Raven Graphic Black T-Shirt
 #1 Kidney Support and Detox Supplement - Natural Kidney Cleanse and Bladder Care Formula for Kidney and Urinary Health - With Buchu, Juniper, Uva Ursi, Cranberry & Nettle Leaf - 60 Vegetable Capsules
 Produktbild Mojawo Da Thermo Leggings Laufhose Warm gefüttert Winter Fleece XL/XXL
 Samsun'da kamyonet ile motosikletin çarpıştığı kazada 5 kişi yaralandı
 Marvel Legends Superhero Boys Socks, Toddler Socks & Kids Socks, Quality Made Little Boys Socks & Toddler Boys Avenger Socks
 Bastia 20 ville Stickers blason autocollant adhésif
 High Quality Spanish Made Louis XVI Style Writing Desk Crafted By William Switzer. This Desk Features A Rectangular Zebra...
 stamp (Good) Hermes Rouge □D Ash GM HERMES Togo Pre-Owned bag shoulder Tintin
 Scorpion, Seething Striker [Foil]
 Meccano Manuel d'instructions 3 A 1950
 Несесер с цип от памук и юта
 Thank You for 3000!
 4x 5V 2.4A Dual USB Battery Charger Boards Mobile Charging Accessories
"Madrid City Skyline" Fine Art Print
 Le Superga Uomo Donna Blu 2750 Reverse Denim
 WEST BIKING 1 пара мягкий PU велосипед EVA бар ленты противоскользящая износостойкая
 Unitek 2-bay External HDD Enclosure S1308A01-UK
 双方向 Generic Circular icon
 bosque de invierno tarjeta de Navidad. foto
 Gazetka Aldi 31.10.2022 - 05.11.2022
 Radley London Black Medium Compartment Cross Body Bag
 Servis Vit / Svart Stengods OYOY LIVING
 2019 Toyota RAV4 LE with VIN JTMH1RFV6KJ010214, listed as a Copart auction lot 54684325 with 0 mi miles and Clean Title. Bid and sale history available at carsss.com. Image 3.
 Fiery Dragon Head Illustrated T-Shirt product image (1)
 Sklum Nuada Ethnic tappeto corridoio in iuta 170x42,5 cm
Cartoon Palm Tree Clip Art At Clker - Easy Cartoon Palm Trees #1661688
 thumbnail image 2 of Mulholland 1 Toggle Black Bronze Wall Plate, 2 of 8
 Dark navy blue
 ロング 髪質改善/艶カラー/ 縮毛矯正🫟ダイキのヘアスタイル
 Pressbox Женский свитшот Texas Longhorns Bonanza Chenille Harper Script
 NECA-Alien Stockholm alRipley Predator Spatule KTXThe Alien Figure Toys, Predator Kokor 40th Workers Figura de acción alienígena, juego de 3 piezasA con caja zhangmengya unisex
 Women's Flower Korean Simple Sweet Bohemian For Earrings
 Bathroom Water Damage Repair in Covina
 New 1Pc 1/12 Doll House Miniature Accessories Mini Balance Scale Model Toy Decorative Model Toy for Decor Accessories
____________________
→ PROBLEM DESCRIPTION: Copy only the entries from the first line to the line with "Cartoon Palm Tree Clip", each exactly as it appears.

→ ANSWER TO THE EXERCISE:
Raven Graphic Black T-Shirt
 #1 Kidney Support and Detox Supplement - Natural Kidney Cleanse and Bladder Care Formula for Kidney and Urinary Health - With Buchu, Juniper, Uva Ursi, Cranberry & Nettle Leaf - 60 Vegetable Capsules
 Produktbild Mojawo Da Thermo Leggings Laufhose Warm gefüttert Winter Fleece XL/XXL
 Samsun'da kamyonet ile motosikletin çarpıştığı kazada 5 kişi yaralandı
 Marvel Legends Superhero Boys Socks, Toddler Socks & Kids Socks, Quality Made Little Boys Socks & Toddler Boys Avenger Socks
 Bastia 20 ville Stickers blason autocollant adhésif
 High Quality Spanish Made Louis XVI Style Writing Desk Crafted By William Switzer. This Desk Features A Rectangular Zebra...
 stamp (Good) Hermes Rouge □D Ash GM HERMES Togo Pre-Owned bag shoulder Tintin
 Scorpion, Seething Striker [Foil]
 Meccano Manuel d'instructions 3 A 1950
 Несесер с цип от памук и юта
 Thank You for 3000!
 4x 5V 2.4A Dual USB Battery Charger Boards Mobile Charging Accessories
"Madrid City Skyline" Fine Art Print
 Le Superga Uomo Donna Blu 2750 Reverse Denim
 WEST BIKING 1 пара мягкий PU велосипед EVA бар ленты противоскользящая износостойкая
 Unitek 2-bay External HDD Enclosure S1308A01-UK
 双方向 Generic Circular icon
 bosque de invierno tarjeta de Navidad. foto
 Gazetka Aldi 31.10.2022 - 05.11.2022
 Radley London Black Medium Compartment Cross Body Bag
 Servis Vit / Svart Stengods OYOY LIVING
 2019 Toyota RAV4 LE with VIN JTMH1RFV6KJ010214, listed as a Copart auction lot 54684325 with 0 mi miles and Clean Title. Bid and sale history available at carsss.com. Image 3.
 Fiery Dragon Head Illustrated T-Shirt product image (1)
 Sklum Nuada Ethnic tappeto corridoio in iuta 170x42,5 cm
Cartoon Palm Tree Clip Art At Clker - Easy Cartoon Palm Trees #1661688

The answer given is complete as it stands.